Verify SSL Specifies whether the SSL certificate for the server is to be verified or not.
By default, this option is set as True.

 

 

Actions supported by the connector

The following automated operations can be included in playbooks and you can also use the annotations to access operations from FortiSOAR™ release 4.10.0 onwards:

 

Function Description Annotation and Category
List Hashes Retrieves a list of hashes from the Malshare server for the last 24 hours. list_hashes
Investigation
List URLs Retrieves a list of all the URLS (sources) from the Malshare server for the last 24 hours. list_urls
Investigation
Get File Information Retrieves the file details associated with the hash that you specify from the Malshare server. get_file_details
Investigation
Search Query Performs a search query on the Malshare server using the sample hashes, sources, and file names that you specify and retrieving file details from the Malshare server based on the query that you specify. search_query
Investigation
Submit Sample Submits a file from the FortiSOAR™ Attachments module to the Malshare server for analyzes. detonate_file
Investigation

 

operation: List Hashes

Input parameters

 

Parameter Description
File Type (Optional) Type of file for which you want to retrieve a list of hashes from the Malshare server.
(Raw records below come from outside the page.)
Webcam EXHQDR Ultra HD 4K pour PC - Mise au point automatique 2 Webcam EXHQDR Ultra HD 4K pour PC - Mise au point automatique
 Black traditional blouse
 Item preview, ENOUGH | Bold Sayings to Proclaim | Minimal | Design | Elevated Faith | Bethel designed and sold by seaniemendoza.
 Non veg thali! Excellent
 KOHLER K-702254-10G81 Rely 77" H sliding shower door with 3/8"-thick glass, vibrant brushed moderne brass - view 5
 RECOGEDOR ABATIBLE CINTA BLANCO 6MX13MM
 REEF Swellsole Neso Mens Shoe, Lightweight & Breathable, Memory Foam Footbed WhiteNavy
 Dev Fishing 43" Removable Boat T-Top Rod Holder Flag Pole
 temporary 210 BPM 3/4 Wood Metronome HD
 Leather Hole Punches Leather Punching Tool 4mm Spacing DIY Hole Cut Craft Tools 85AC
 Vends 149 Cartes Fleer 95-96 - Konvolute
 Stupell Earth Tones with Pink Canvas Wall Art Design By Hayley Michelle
Based on the file type MD5, SHA-1, or SHA-256 values are retrieved from the Malshare server.
Note: If you do not specify any File Type, then a list containing all the hashes will be retrieved from the Malshare server.

 

Output

The JSON output contains a list of MD5, SHA-1, or SHA-256 values based on the file type that you have specified, or a list of all hashes, retrieved from the Malshare server.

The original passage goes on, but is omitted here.